(Information supplied)

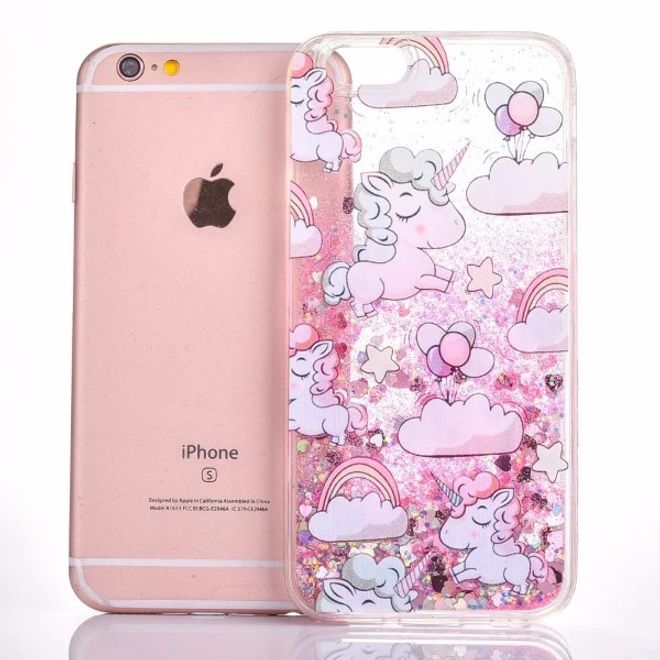 Samsung Galaxy S6 Einhorn Glitzer Hülle - Bling Bling Case aus Plastik - pink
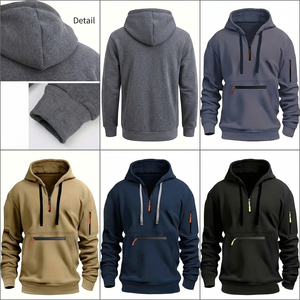 Pullover Hoodie Zipped Pocket <b>Fleece</b> Long Sleeve Tracksuit Tops Cuff Overhead Shirts Hooded Slim Fit Fashion Classic <b>Work</b> Hoody - Product Image 4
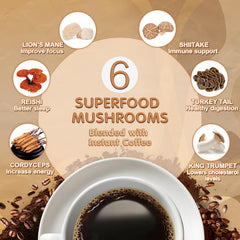 Balincer taza preparada de mushroom coffee lista para beber, energía sostenida
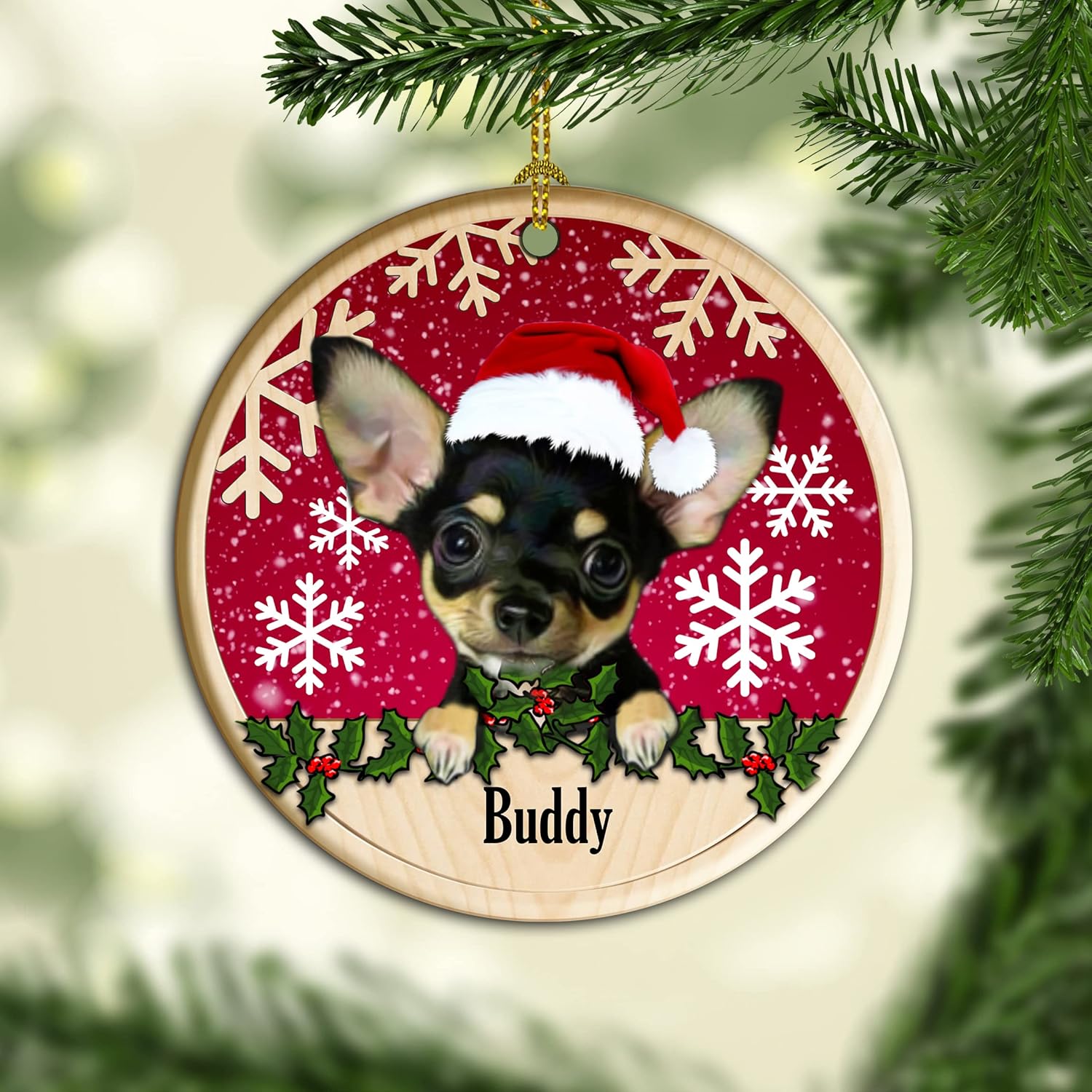 Adorno para árbol de Navidad de Chihuahua, adorno personalizado de cerámica de Chihuahua, adorno personalizable para árbol de Navidad de Chihuahua,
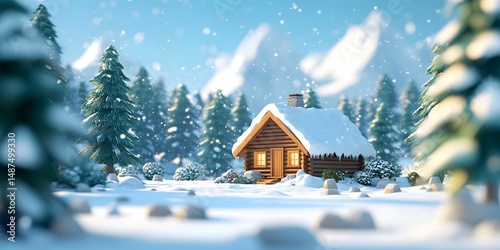 Fototapeta Naklejka Na Ścianę i Meble -  Snowy winter scene with a cozy cabin.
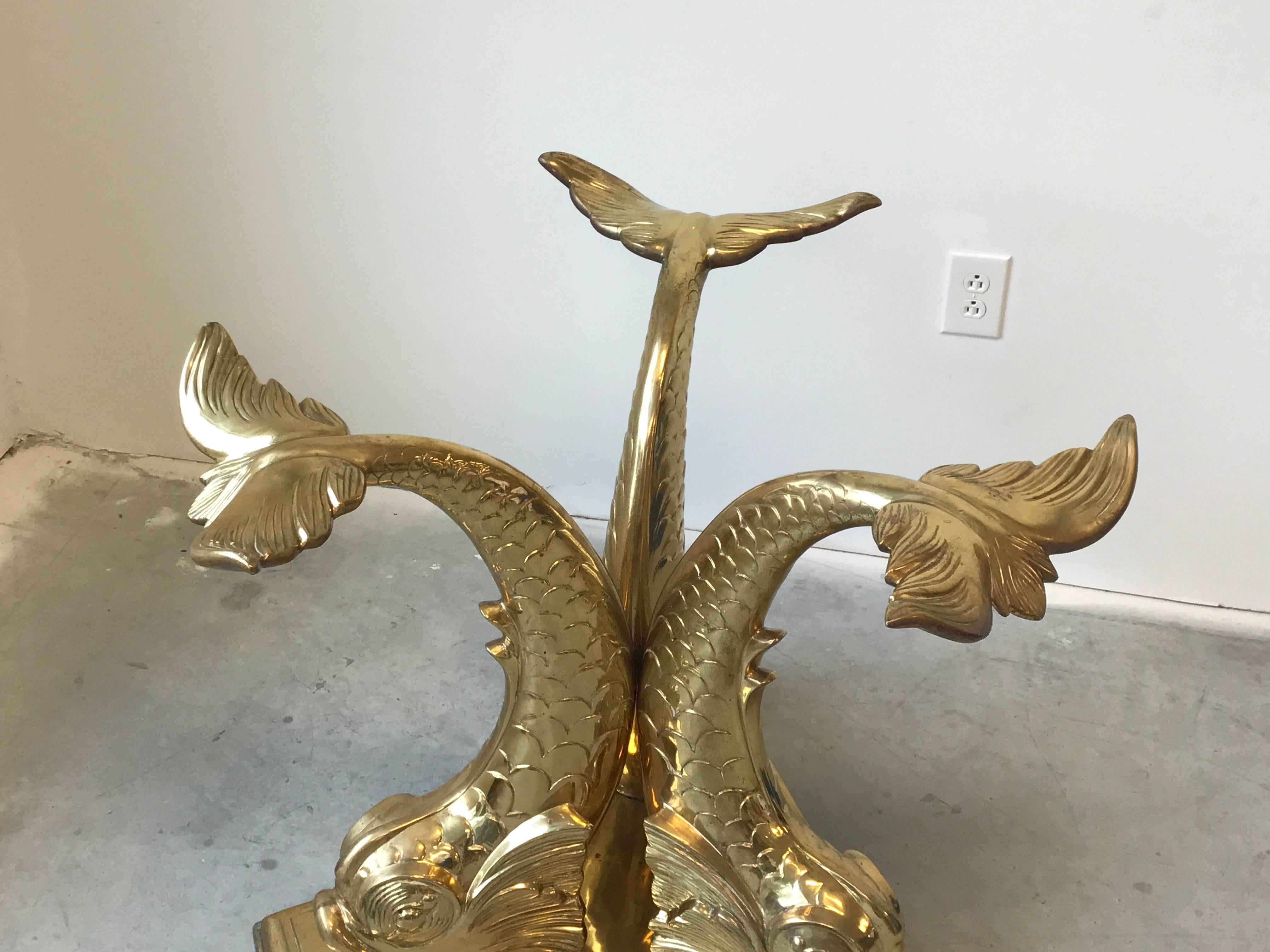 1960s Italian Brass Koi Fish Dining or Entry Table In Excellent Condition In Richmond, VA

(End Information supplied)

What you are asked to do. Only the lines from the one containing "Balincer taza preparada" through the last line of the entries above belong in the copy; reproduce them exactly and drop every picture.

Finished task.
 Balincer taza preparada de mushroom coffee lista para beber, energía sostenida
 Adorno para árbol de Navidad de Chihuahua, adorno personalizado de cerámica de Chihuahua, adorno personalizable para árbol de Navidad de Chihuahua,
 Fototapeta Naklejka Na Ścianę i Meble -  Snowy winter scene with a cozy cabin.
 1960s Italian Brass Koi Fish Dining or Entry Table In Excellent Condition In Richmond, VA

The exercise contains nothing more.